Jeff Symonds was the surprise at the Ironman 70.3 World Championship in Henderson, Nev.
That is what the Bleacher Report called Symonds’ third-place finish on Sept. 12.
“I surprised myself even,” said Symonds, of clocking in at 3:58:42, behind Australian winner Craig Alexander (3:54:48) and American Chris Lieto (3:58:03). “I knew I was fit and capable of putting down that type of performance in terms of time wise and effort wise. I just didn’t know how I would stack up against the best in the world.”
According to the story published by the Bleacher Report, Symonds, who finished 11th in the bike portion, gained on the field and surprised many race observers not familiar with him. Symonds entered the event ranked 13th among professionals but his age, 25, made him the second youngest male in the field and “lacking the clout of more experienced racers.”
Symonds said all the top men who competed are all full-time athletes.

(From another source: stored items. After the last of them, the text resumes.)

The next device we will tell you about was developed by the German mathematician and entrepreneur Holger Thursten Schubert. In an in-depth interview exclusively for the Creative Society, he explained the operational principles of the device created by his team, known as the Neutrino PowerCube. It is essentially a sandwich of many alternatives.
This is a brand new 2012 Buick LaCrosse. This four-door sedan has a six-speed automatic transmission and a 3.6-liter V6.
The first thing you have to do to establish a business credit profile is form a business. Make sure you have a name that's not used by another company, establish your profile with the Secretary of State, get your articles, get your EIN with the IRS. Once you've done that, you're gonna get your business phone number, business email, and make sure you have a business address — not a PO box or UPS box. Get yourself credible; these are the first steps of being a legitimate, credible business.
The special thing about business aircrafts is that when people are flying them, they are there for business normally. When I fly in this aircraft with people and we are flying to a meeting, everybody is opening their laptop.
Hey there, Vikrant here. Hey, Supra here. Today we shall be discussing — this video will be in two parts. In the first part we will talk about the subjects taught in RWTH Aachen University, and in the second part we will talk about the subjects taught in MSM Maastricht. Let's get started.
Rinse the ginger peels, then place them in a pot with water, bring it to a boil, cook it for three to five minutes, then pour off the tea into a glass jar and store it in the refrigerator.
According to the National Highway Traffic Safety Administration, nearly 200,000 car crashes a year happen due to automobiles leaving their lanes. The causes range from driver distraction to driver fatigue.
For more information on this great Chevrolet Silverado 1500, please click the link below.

“For me, being a guy who still works part-time at the Bike Barn to make ends meet and also I was the second youngest professional in the field, it was a little bit of a surprise,” he said.

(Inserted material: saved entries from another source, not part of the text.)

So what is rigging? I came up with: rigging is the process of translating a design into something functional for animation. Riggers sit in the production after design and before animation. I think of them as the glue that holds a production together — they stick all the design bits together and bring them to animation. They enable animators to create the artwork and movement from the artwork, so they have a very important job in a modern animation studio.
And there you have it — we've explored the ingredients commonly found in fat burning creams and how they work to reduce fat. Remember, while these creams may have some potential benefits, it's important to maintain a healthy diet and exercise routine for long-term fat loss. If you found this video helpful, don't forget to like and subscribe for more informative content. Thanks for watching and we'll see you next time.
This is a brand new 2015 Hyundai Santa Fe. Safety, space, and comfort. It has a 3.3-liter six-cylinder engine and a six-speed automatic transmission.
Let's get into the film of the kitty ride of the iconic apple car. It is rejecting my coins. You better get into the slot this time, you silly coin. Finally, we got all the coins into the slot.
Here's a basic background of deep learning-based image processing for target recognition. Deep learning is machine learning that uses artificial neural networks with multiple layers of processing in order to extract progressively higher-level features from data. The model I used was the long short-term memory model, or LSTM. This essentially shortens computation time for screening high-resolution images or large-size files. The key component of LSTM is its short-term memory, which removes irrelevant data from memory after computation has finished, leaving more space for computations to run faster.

Symonds, who turns 26 on Oct. 1, was so excited crossing the finish line because he was unsure he would get a podium position. Symonds said in some of those races, athletes have time to set in, but when he was running and passed the third-place runner about five kilometres into the finish, he kept thinking there is no way he would be on the podium.

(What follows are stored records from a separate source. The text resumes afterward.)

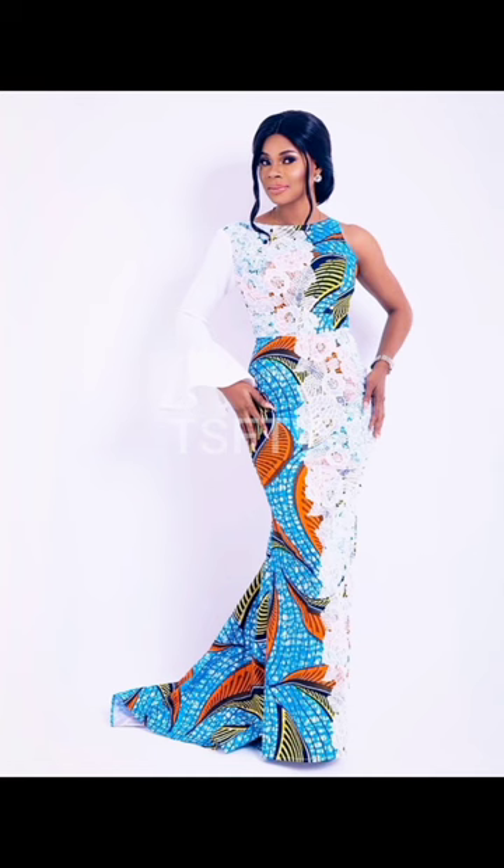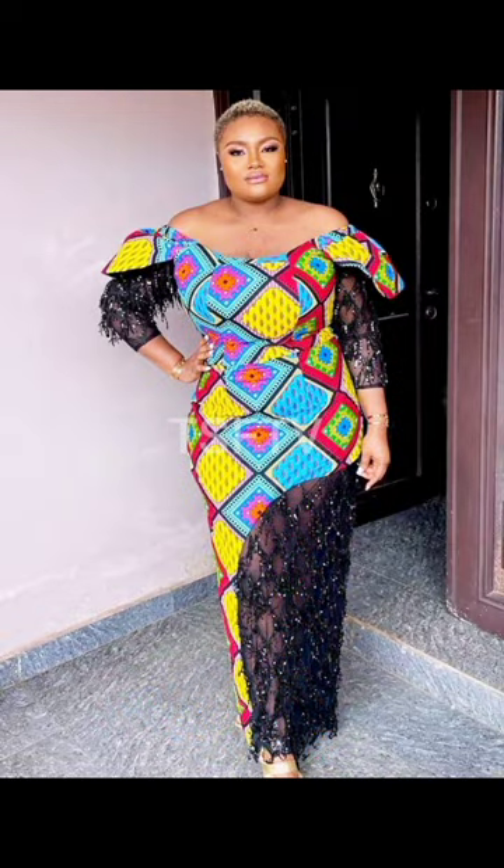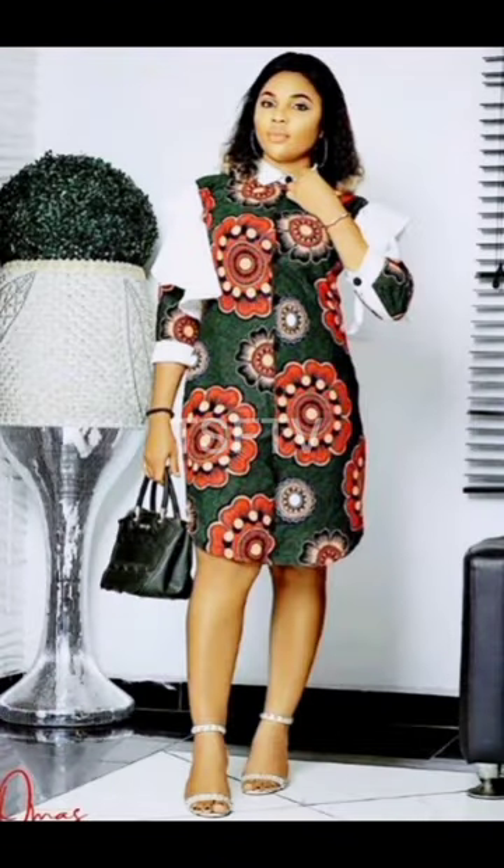These days a lot of ladies are going for the look, whether you're using a simple plain chiffon, silk, or even a lace material. Take care and have a wonderful time watching this. Bye!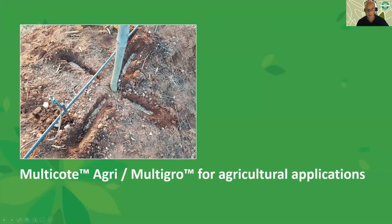Multicoat Agri or Multigro for agricultural applications. This picture from South Africa shows how Multicoat Agri is applied for fruit trees — the fertilizer is placed and then covered with soil to maintain moisture around the capsule. That covering stage is the final step in the application process.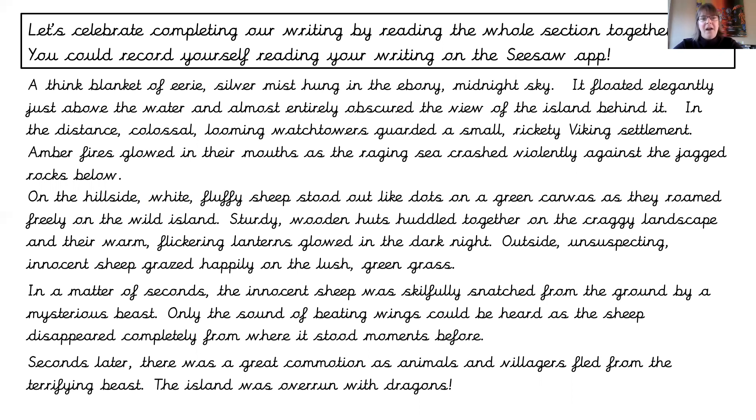Fantastic work, Year 3. Tomorrow we are going to be working on the build-up of our story, so keep your How to Train a Dragon hats on and we will start that tomorrow. Well done Year 3 — you've done a fabulous job and I can't wait to hear what you have written.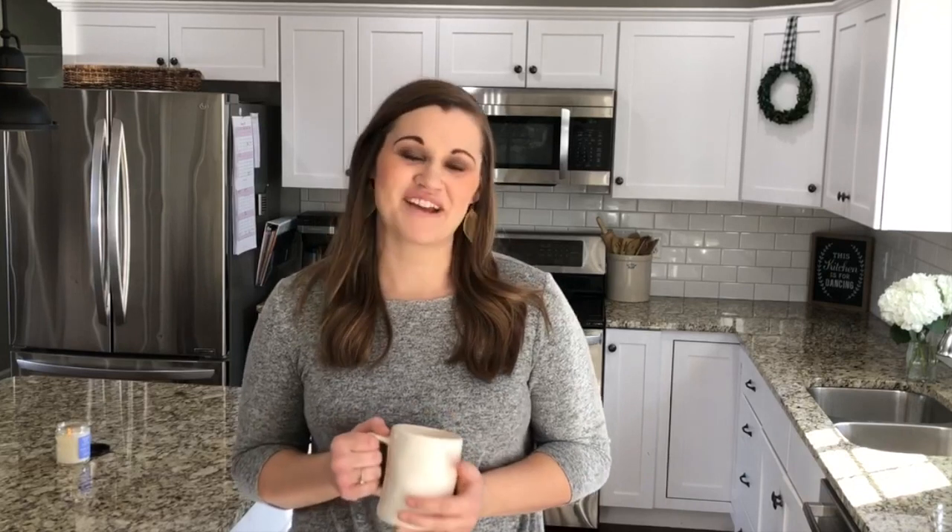I hope you guys enjoyed this tour of our organized kitchen. I'll leave a link to the blog post down below where I share all the pictures and details of all the spaces in our kitchen. I'll also leave a source list in the description box with links to all the products we use to keep it tidy and organized. I hope you guys will come back next week for another brand new video — see you guys next time, bye!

“This is too good to be true,” said Symonds of what he was thinking. “I’m sprinting as fast as I could down the line. It wasn’t until I hit that finish line that I realized, this actually did just happen. And I let it all out. I was just really excited.”
It’s a result he said that definitely changes your life.
“The doors have been opened,” he said, of the best career finish.
Not only does Symonds think it lifts his confidence, it has given him the belief for the first time that he can be a world champion. It’s something he seriously wants to shoot for.
“I always dreamed of winning Ironman Canada,” said Symonds, who credited coach Kevin Cutjar for the work he has done with him. “To think that possibly winning a world championship is almost beyond a dream.”
The result in Nevada also secured the fact Symonds doesn’t have to leave his hometown to train and make a career of competing in triathlons. Now is also a key time for Symonds to secure sponsorship to enable him to train full-time. The Bike Barn gave him time off to go to Nevada, he also went to the world’s largest bike convention to find things that might benefit the store and line up sponsors. Right now he only has verbal commitments, as he wants to explore all his options.
“It’s important for me to stay with the local companies that have helped me get here,” he said.
After seeing what he’s capable of, Symonds is already thinking about next year as he wants to win the world championship.